Easily one of my favorite movies of all time is Batman the Dark Knight. I could watch it on repeat and on one occasion did just that. The late Heath Ledger played the Joker and many have said it was the defining moment of his career. It shortly after that Ledger passed away, however the Dark Knight was not his final film.
If you saw the movie The Imaginarium of Doctor Parnassus you were not among a majority. The movie, debuting in 2009 was actually Heath Ledger’s final film. Ledger passed away halfway through the filming. The Imaginarium follows a traveling theater troupe throughout London sort of like a traveling sideshow offering viewers participation in an exploration of their dreams and imagination. The movie itself was not overly compelling however the specific scene that sets the trajectory for the entire plot stands as an interesting theological commentary.
The storyline is driven by an initial exchange between Dr. Parnassus and the Devil. The two meet within an ancient monastery where Dr. Parnassus is head of a monastic group commissioned with telling “the eternal story… the story that sustains the universe, the story without which there is nothing.” The Devil challenges Parnassus, “how can you believe something that can be so easily disproved?” following which he silences the storytellers. In the silence, the devil jests that the universe is still in motion. Parnassus insists that it is simply because others are still telling stories elsewhere within the world. The two proceed to wager who can “win more souls,” Parnassus, by telling and commissioning others to tell stories of imagination, or the Devil, by encouraging humanity to pursue feeble and carnal desires.
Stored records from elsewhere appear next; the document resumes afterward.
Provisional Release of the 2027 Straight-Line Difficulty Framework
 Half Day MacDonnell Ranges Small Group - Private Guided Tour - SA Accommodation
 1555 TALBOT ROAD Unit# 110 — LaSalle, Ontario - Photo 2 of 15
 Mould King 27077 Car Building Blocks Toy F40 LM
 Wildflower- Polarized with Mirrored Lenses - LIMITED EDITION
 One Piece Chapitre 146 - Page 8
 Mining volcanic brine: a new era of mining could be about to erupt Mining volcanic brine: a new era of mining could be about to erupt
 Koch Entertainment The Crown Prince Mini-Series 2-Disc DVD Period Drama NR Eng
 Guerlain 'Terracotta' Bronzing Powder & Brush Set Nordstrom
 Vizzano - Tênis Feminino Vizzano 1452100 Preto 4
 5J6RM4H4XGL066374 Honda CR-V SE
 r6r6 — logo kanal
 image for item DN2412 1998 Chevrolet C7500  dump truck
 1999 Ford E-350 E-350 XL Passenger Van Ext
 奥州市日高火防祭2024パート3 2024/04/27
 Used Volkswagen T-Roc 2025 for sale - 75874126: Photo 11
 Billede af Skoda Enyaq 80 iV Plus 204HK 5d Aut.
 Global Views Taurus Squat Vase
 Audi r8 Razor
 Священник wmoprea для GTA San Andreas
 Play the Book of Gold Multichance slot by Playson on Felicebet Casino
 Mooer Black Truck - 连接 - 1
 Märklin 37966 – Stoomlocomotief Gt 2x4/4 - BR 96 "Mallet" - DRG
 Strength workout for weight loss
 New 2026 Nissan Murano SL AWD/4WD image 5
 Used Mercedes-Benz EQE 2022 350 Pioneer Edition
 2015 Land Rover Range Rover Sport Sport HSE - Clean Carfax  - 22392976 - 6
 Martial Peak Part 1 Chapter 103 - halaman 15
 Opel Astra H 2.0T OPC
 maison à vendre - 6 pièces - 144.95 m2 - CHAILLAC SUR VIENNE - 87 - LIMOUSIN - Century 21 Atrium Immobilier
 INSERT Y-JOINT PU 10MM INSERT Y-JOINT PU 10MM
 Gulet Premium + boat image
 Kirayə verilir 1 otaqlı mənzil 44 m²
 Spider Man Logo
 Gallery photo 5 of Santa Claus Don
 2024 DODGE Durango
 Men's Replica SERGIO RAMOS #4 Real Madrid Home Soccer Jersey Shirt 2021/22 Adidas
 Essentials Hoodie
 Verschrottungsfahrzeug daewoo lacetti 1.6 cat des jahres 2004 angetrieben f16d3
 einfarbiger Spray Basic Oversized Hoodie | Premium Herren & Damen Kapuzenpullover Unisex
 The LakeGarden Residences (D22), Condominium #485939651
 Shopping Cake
That’s really the problem with the world isn’t it? We are commissioned to listen to God’s story and continue its telling by the living of our own. All the while, the world is pulled astray, us included toward the feeblest of desires. To summarize C.S. Lewis, it is not that we make God to big, to powerful, but instead we make him to small, not powerful enough. We place God on a scale opposite all the world can offer us, money, sex, fame, power, and we in our falleness believe the scales to be of move value toward things that are fleeting, fading, and in the end will leave us still searching for ourselves and our story.
It is the sin of humanity that God continuously seeks us as we continuously seek for someone or something to take his place. The power of the Christian story is to disprove this cosmic untruth; by meeting God as he calls us, and living a life in pursuit of him, we turn the world on its head. Our story is part of an epic revolution of truth, commissioned to show that God does not indeed belong on the scales in the first place. Our story is the story that sustains the universe and although the darkness that envelops creation would have us convinced otherwise, it cannot be disproved. The proof however is not in the telling but in the living, one is not merely convinced simply by observation, but rather in participation.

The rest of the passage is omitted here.